ABOUT THIS TASK:
Give back exactly the lines from the "Jarra Média de Vidro Classica" line to the final line of the records, and only those, minus any pictures.

Caption-style text data:
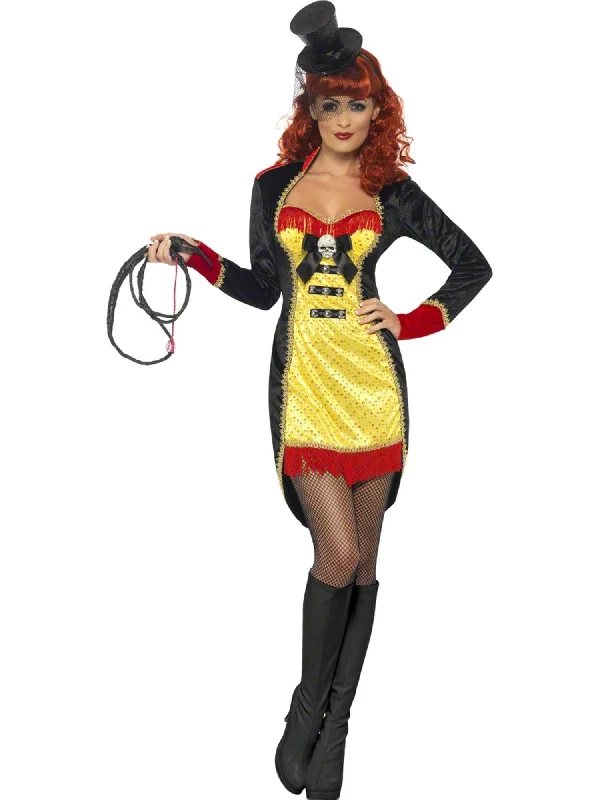 Cirque Sinister Sinful Ringmaster Costume Medium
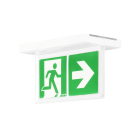 Cooper Securite - BAEH habitation SATI - 8lm/5h - IP43 IK07 - Pose mur/plafond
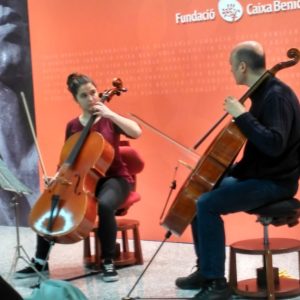 Silla Musical Ergonómica color Nogal J.S.Bach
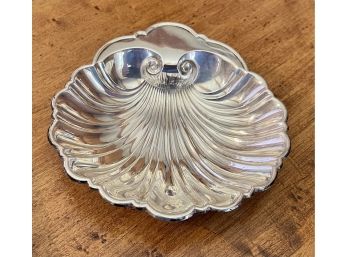 Gorham Sterling Silver Shell Dish 5' Total Weight 71.5 Grams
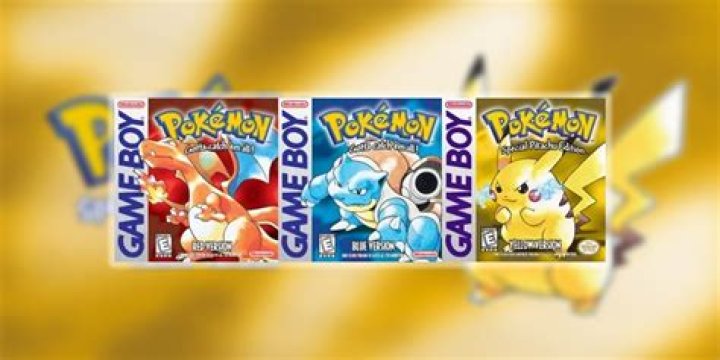 Pokemon Red Blue Yellow Gold Silver Crystal Pokemon Home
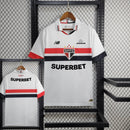 Camisa São Paulo 24/25 - Versão Torcedor + Patrocínios - Lançamento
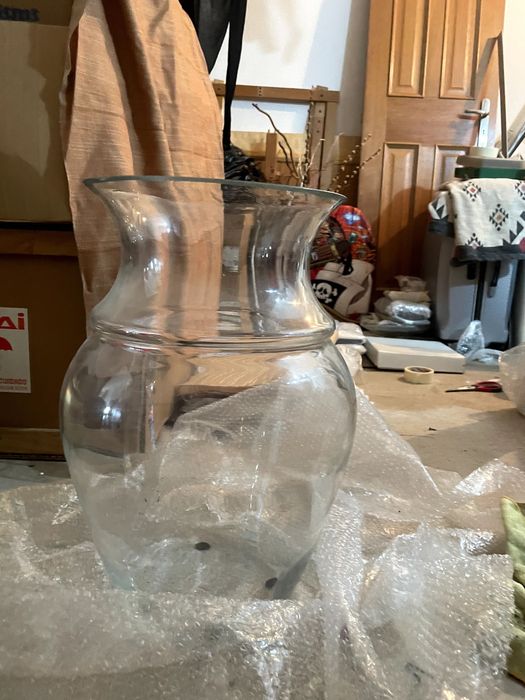 Jarra Média de Vidro Classica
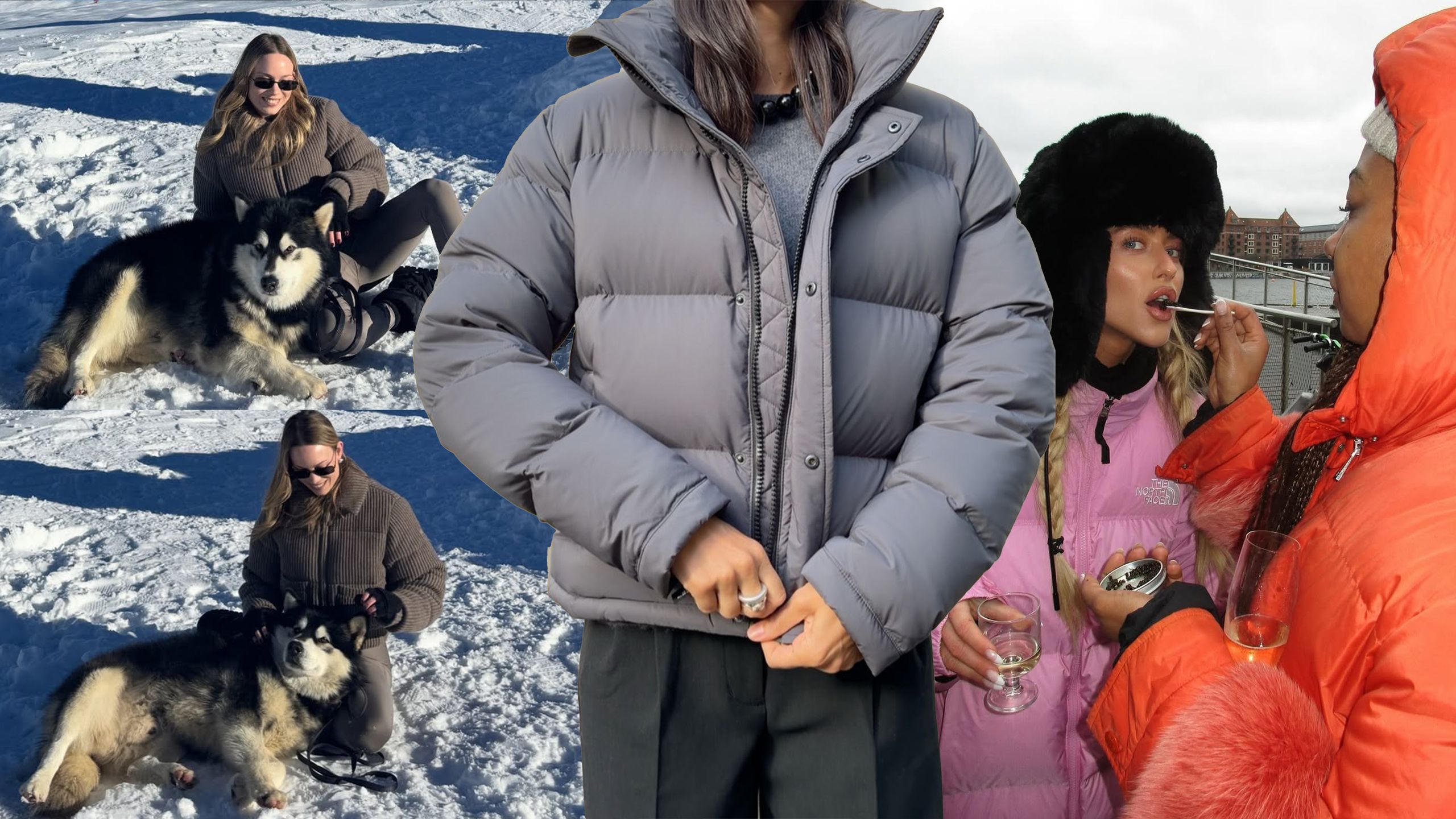 Cool Winter Coats From The North Face, Aritzia, and ALO I Know Fashion People Will Love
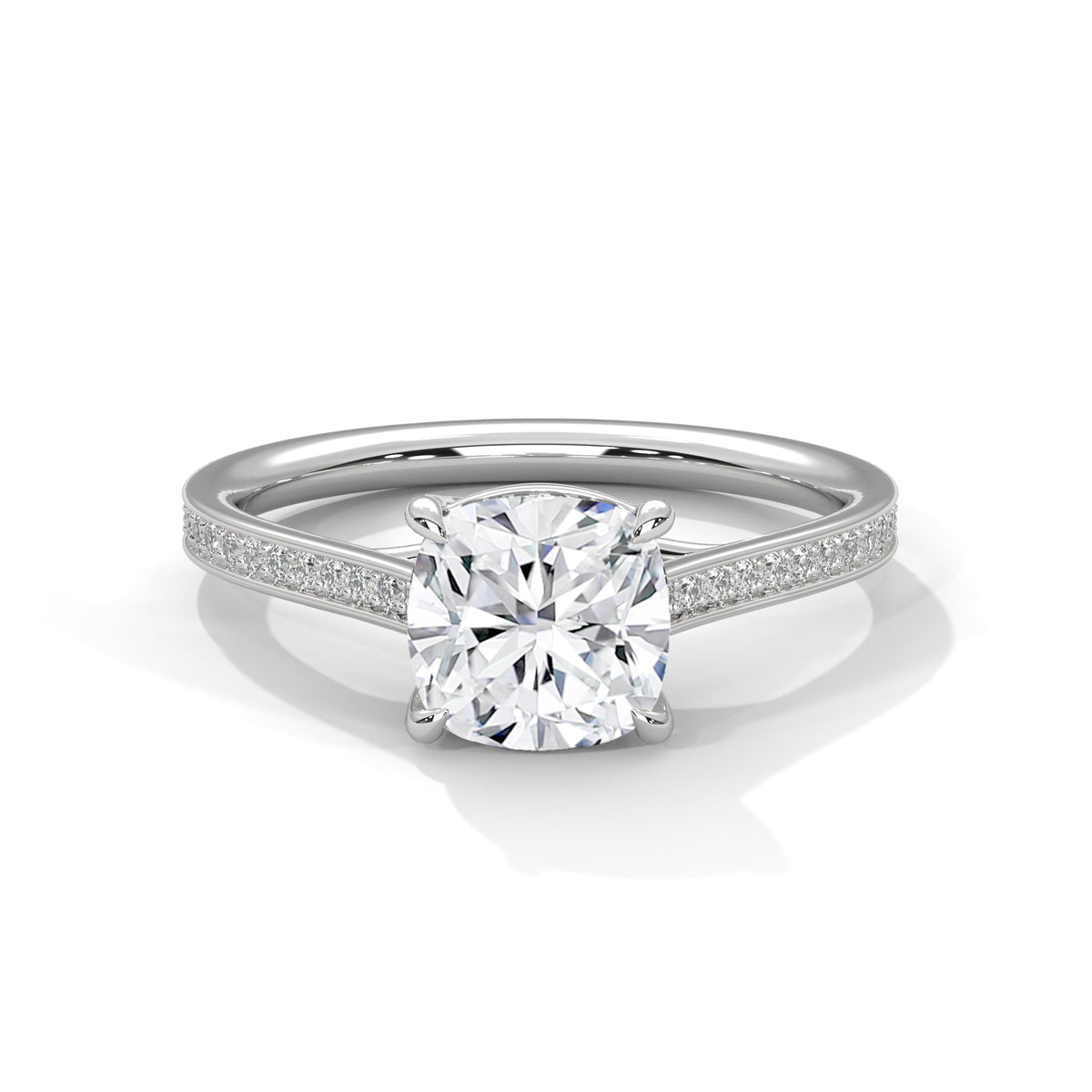 Juliet Solitaire Ring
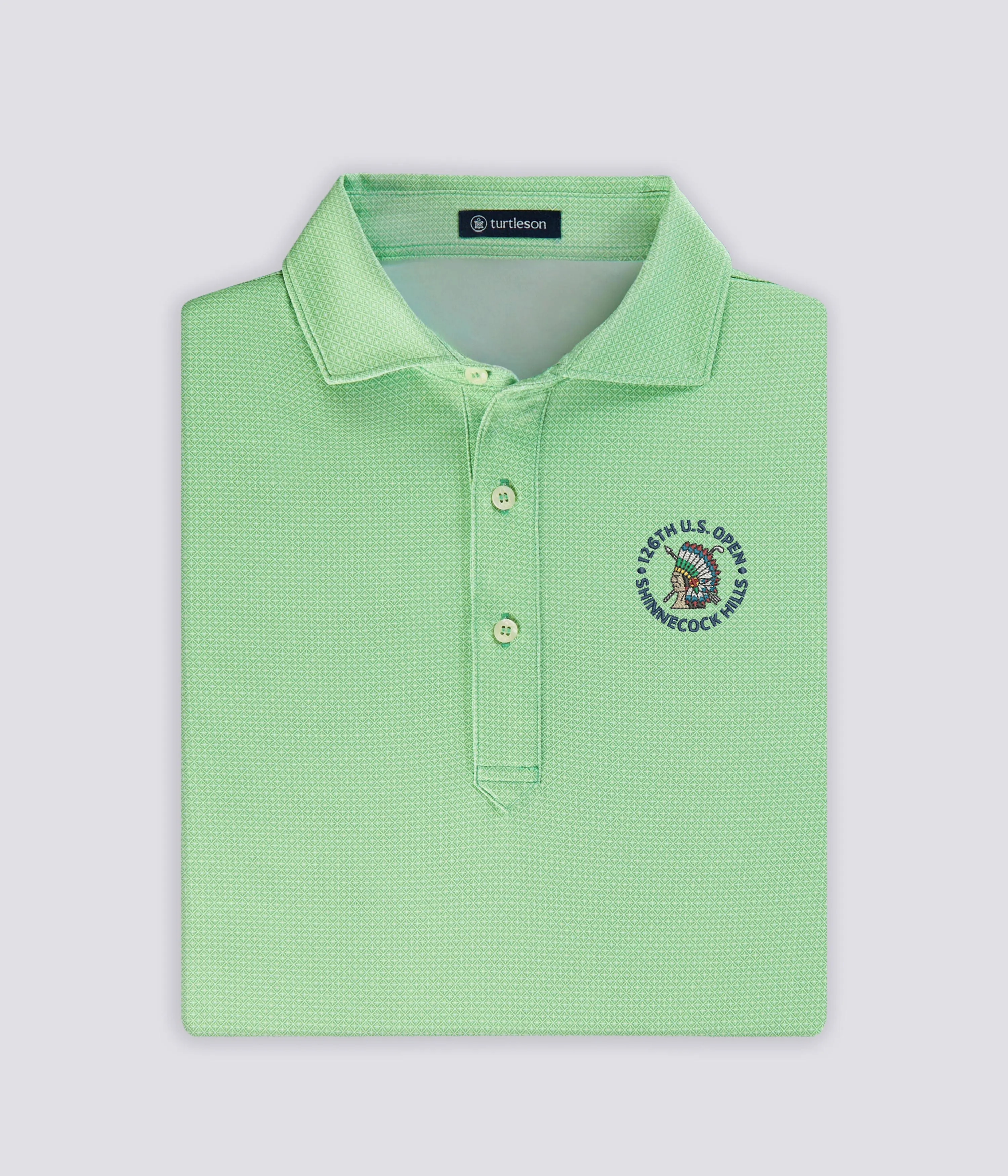 Chris Performance Polo - 126th U.S. Open sold by Turtleson product image thumbnail 2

SOLUTION FOR THIS EXERCISE:
 Jarra Média de Vidro Classica
 Cool Winter Coats From The North Face, Aritzia, and ALO I Know Fashion People Will Love
 Juliet Solitaire Ring
 Chris Performance Polo - 126th U.S. Open sold by Turtleson product image thumbnail 2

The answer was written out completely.